I am trying to stay in a place of hope. I’m trying to see the world through the eyes of my children. I am trying my best to reassure them. I am also biting my tongue constantly as I listen to others complain about being inconvenienced. I want to throw things at the TV when I hear the lack of empathy, the conspiracy theories, the political rhetoric, and the insanity. I want to shield my kids from all of it — the immaturity, the selfishness, the absolute reckless behavior, and I am constantly searching for words to explain it to them when there aren’t any. I think we are all struggling with this and I think no matter what we pretend, we are all vulnerable and afraid. Vulnerability and fear are very hard things to deal with internally much less at such a collective level and we are seeing folks react differently in such different ways: Some are pushing back and rejecting it entirely. Some are avoiding it and pretending it doesn’t exist. Some are embracing it wholeheartedly and living differently because of it. I guess this is nuance in its truest form and it hasn’t been easy to release judgement and blame from wherever you may be sitting in all of it. This is just hard. Can we all say that out loud together?

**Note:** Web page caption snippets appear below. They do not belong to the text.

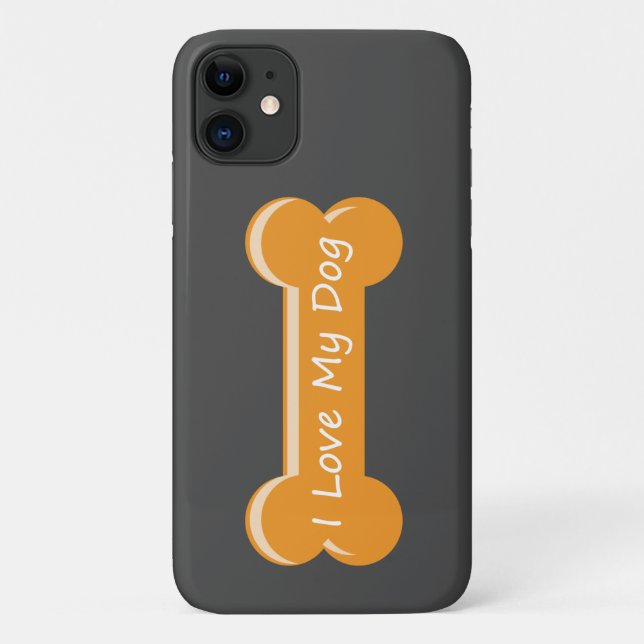 I Love My Dog | Dog Bone Case-Mate iPhone Case (Back)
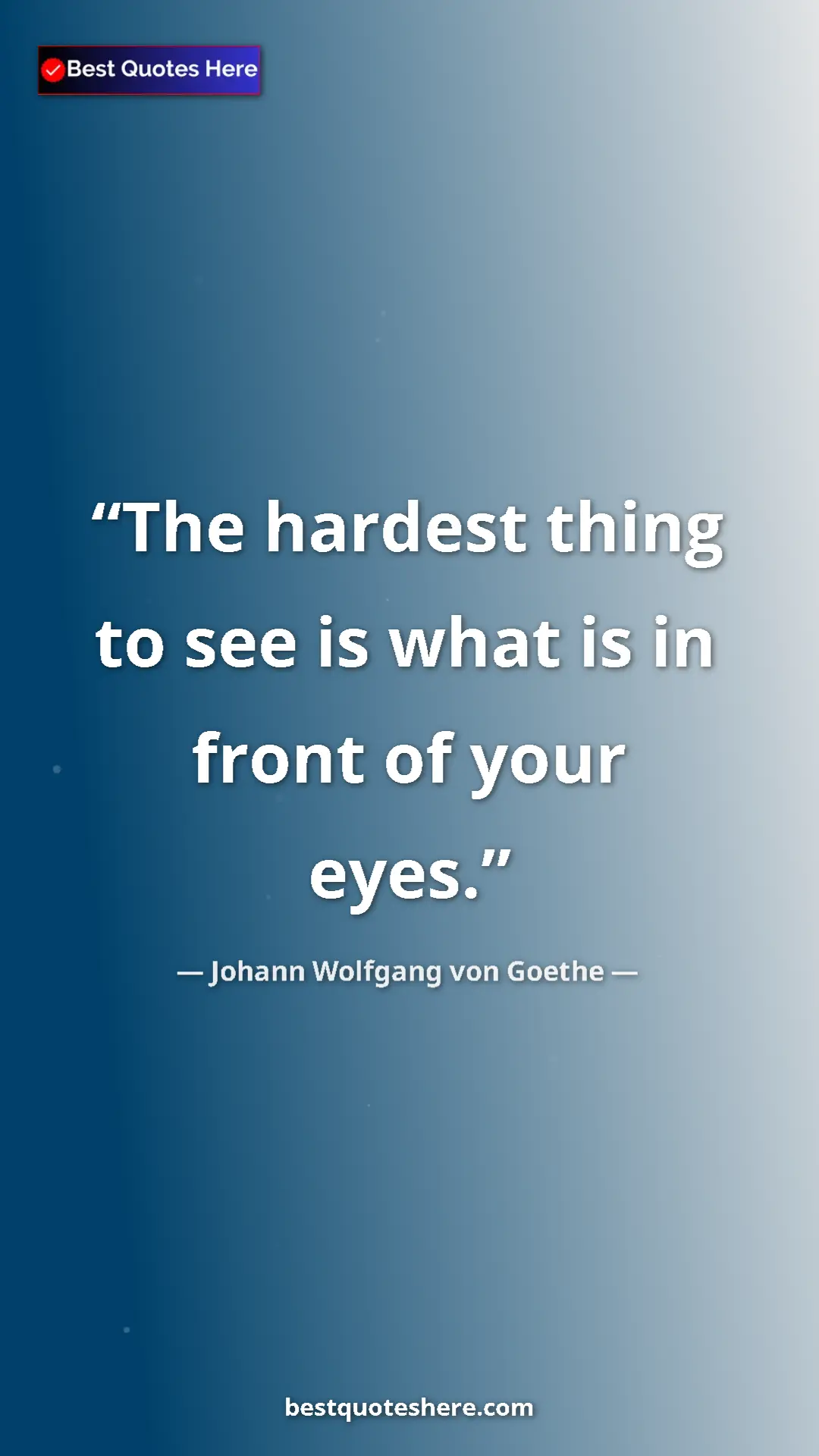 Pinterest quote poster by Johann Wolfgang von Goethe: "The hardest thing to see is what is in front of your eyes."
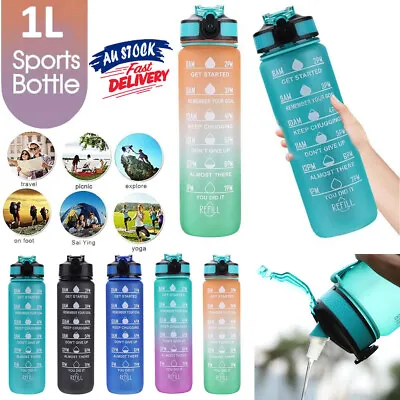 1L Water Bottle Motivational Drink Flask With Time Markings BPA Free Sport Gym • $9.28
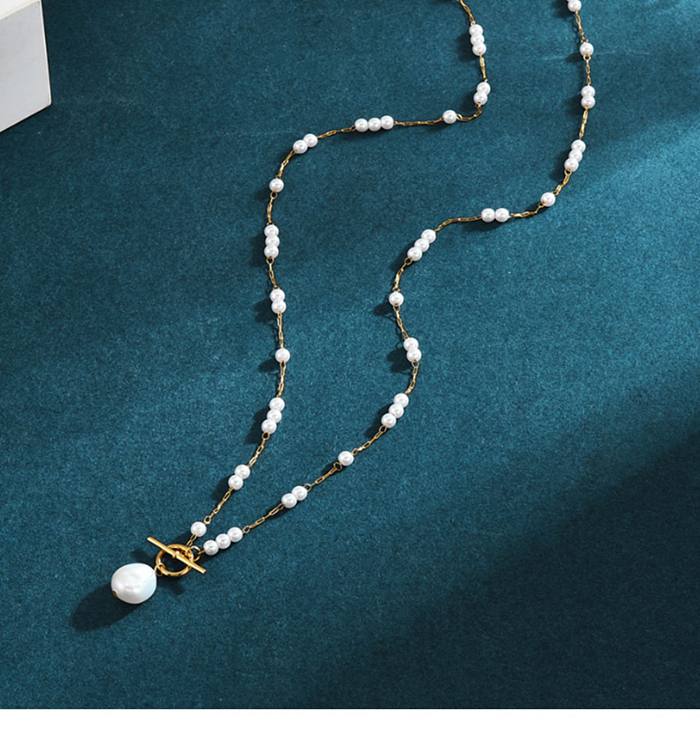 Schlichte Halskette mit runder Perle, Edelstahlbeschichtung und 18-Karat-Vergoldung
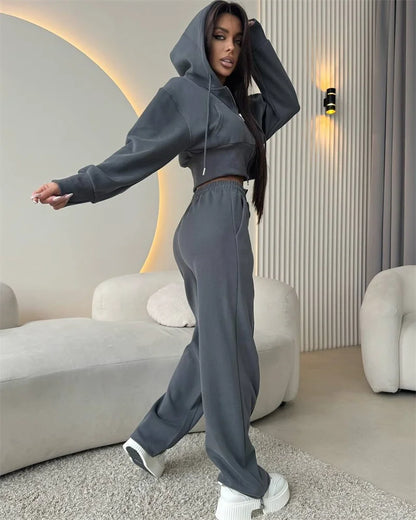 2025 Women's Cotton Hoodies Sweatshirt Two-piece Suit Casual Sports Sets High-waist Short Jacket Straight Trousers 2-piece Sets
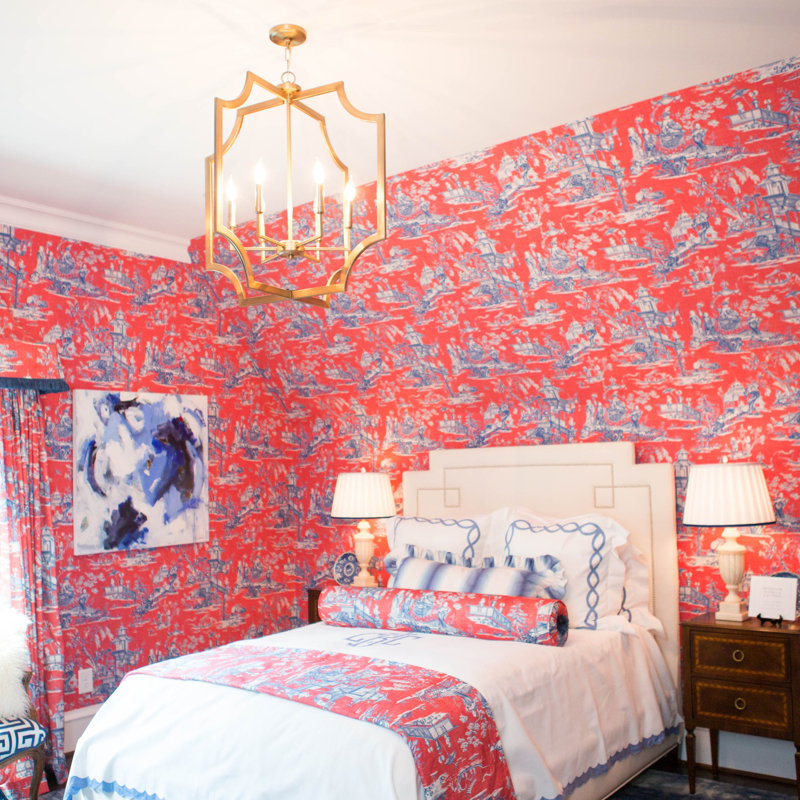 Cedric 6 - Light Dimmable Lantern Geometric Chandelier, Aged Brass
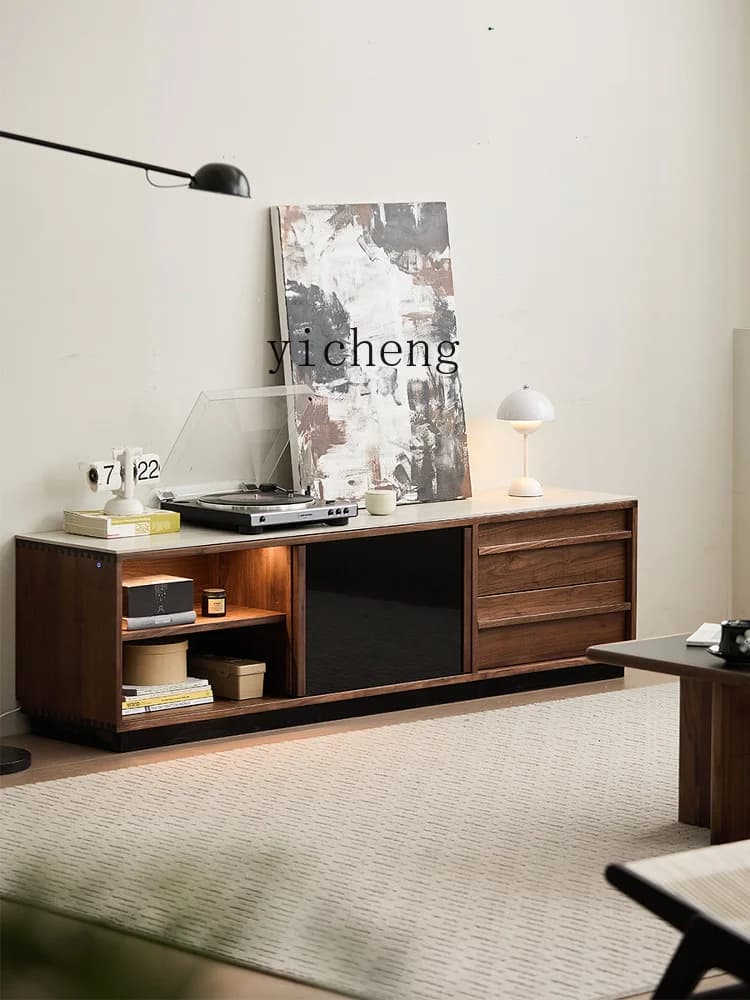 A1 Locker Furniture Solid Wood TV Cabinet Living Room Simple Small Apartment Rock Slab Floor Cabinet
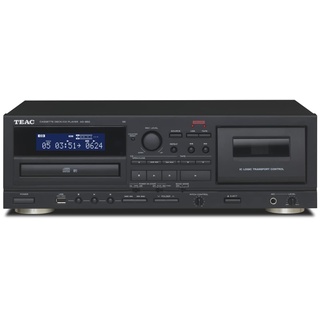 Teac AD-850-SE CD-Player & Kassettenspieler mit USB-Aufnahme & Wiedergabe (Mikrofoneingang, Echoeffekt, Karaoke-fähig, Digital-Analog-Umwandlung) Schwarz
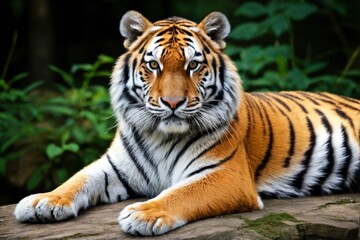 Naklejka premium there is a tiger that is laying down on a rock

Finally, I feel guilty almost always for feeling inconvenienced and tired of quarantine because I know how lucky I have it. I know that having a roof over our heads, space to run outside in our yard, jobs we love, and income to provide for our family is the basis for our survival. I believe we should use that foundation as a springboard for helping those around us. I believe that if we have more than others, we share it and hope that they will do the same when we may not have enough. Isn’t that the point of all this anyway? Anyway, back to nuance. At the same time, I can’t help but think about how I’d do it different next time: I’d definitely have a lake house. That’s for sure. I’d also have a bigger house so that we could add more folks to our quarantine so that we could be together. I’d enter quarantine at least 30lbs lighter so that I would come out on the other side a little healthier. I’d focus on whole foods instead of cheetos at the beginning. So, see? There is a place in all of us that can know and appreciate where we are in this and still want something different. It’s such a difficult thing to sort out — even in non-quarantine times.
Today is Memorial Day and it is clear we are a very nuanced society. Some are celebrating with risks. Others are staying put. I’m doing what I always do and making Barefoot Contessa’s Summer Fruit Crostata and sharing it with my neighbors. May we recognize our nuances with space and grace while also agreeing to keep each other safe. Our family will be wearing masks, washing our hands, and keeping a safe distance from you because we want you to be safe and healthy and well. That’s the truth.